Oh, does that sound weird? Maid’s quarters? Yes, our apartment has a maid’s quarters, past the kitchen and the laundry room. A walk-in-closet-sized room with its own bathroom and shower. More on domestic helpers in another post.

Settling in is slow-going for me, but you know what helps?

The fact that, as I said, Hong Kong is AMAZING.

There’s a beach! Several, actually, though I’m stuck on the one that’s easiest to get to: trees for shade and calm waters that are so salty my growing pregnant body floats effortlessly and my sore joints get a break. The inaptly named “Repulse Bay” is so far my favorite part of Hong Kong.
Luca’s, too. I took him one weekday morning on the public bus—we sat in the front row of the second level of the double-decker, right up against the window—and the morning was fantastic (though, not fantastic was the hour-and-a-half, bumper-to-bumper-traffic bus ride back downtown. I definitely don’t begrudge the student protestors their fight for democracy, but no matter what the reason—traffic is the worst).

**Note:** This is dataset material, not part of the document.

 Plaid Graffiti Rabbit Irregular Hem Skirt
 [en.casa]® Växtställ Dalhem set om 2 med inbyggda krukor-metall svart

We loved the beach so much, we took Joe back two days later, on the weekend.


And, there’s Disneyland! I’m not sure if it was the general Disney magic, the reminder of my college season-pass-holding days or just the glimpse of home, but I was beyond excited, and my excitement spread to Luca, whose eyes lit up at the thought of seeing Mickey Mouse.


Plus, we rode Hong Kong’s metro all the way, which is a delight in itself, for train-loving Luca.


His first real theme-park ride ever: Small World.

There was no line since Columbus Day was an average Monday in Hong Kong (the U.S. consulate is closed for U.S. holidays), so Luca ran through the switchbacks, not understanding what he was headed toward but knowing, just knowing it would be more than he could imagine.

And it was. He insisted we go on Small World again and again, though we stopped for lunch after the third go-around. He loved the other rides, but kept begging to go back “on the pink boat.”

Joe and I couldn’t get enough of the wonder lighting up Luca’s eyes. There is magic in the sight of your own child’s happiness.

Too much magic
Luca finally fell asleep in his stroller around 3pm, so we began our trek back home in time for dinner.

Of course, today, I was exhausted. Luca and I both were. And it was polluted, so we stayed inside most of the day. But it won’t be like that every day. There is simply so much available to do here.

And we’re going to soak up as much of that pure fun as we can.

Funny to see Mickey on a metro map
The Disneyland Train! Mickey handles and windows!